Problem to work on: The expected output is the full data, repeated exactly, without pictures.

Data extract:

▽

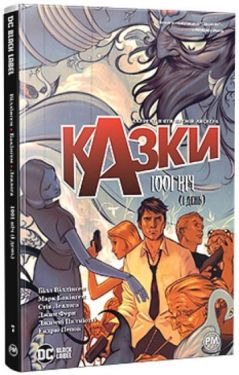Казки. Книга 7. 1001 ніч (і день) - Комікси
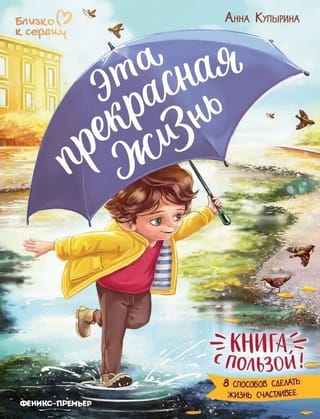 Эта прекрасная жизнь! Книга с пользой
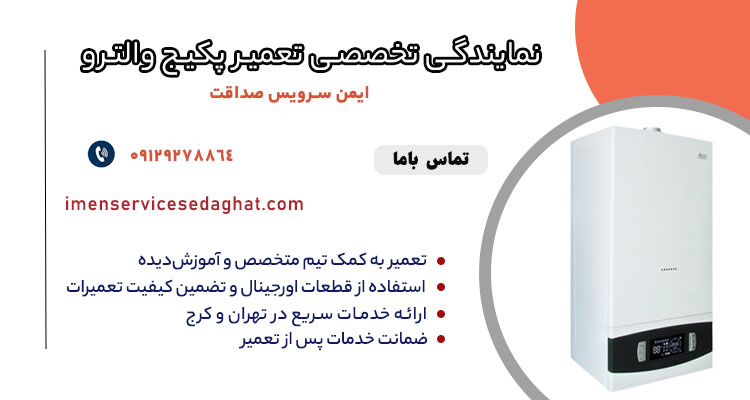 عیب یابی و تعمیر پکیج والترو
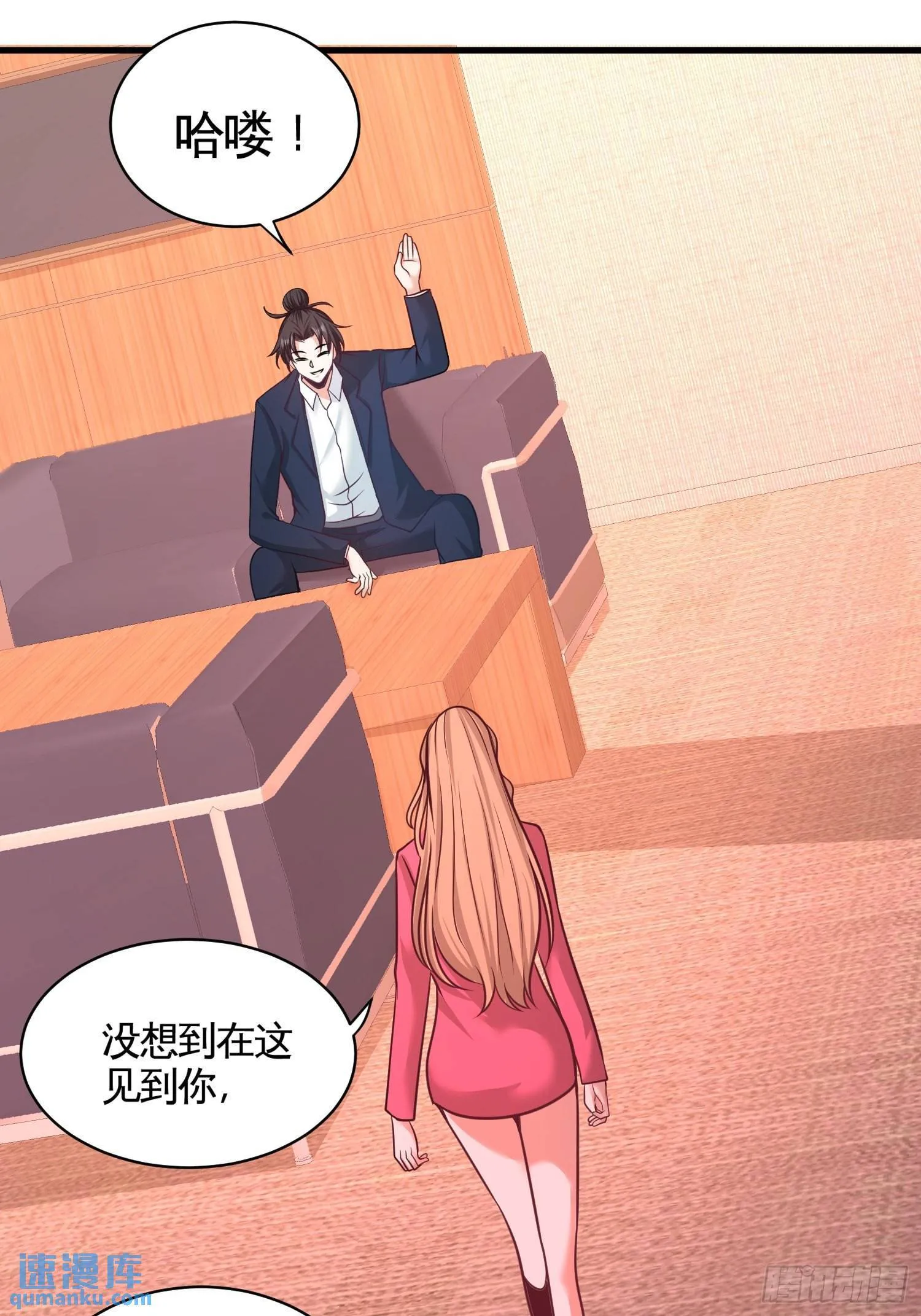 68-狗咬狗4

△

Response to the task:
Казки. Книга 7. 1001 ніч (і день) - Комікси
 Эта прекрасная жизнь! Книга с пользой
 عیب یابی و تعمیر پکیج والترو
 68-狗咬狗4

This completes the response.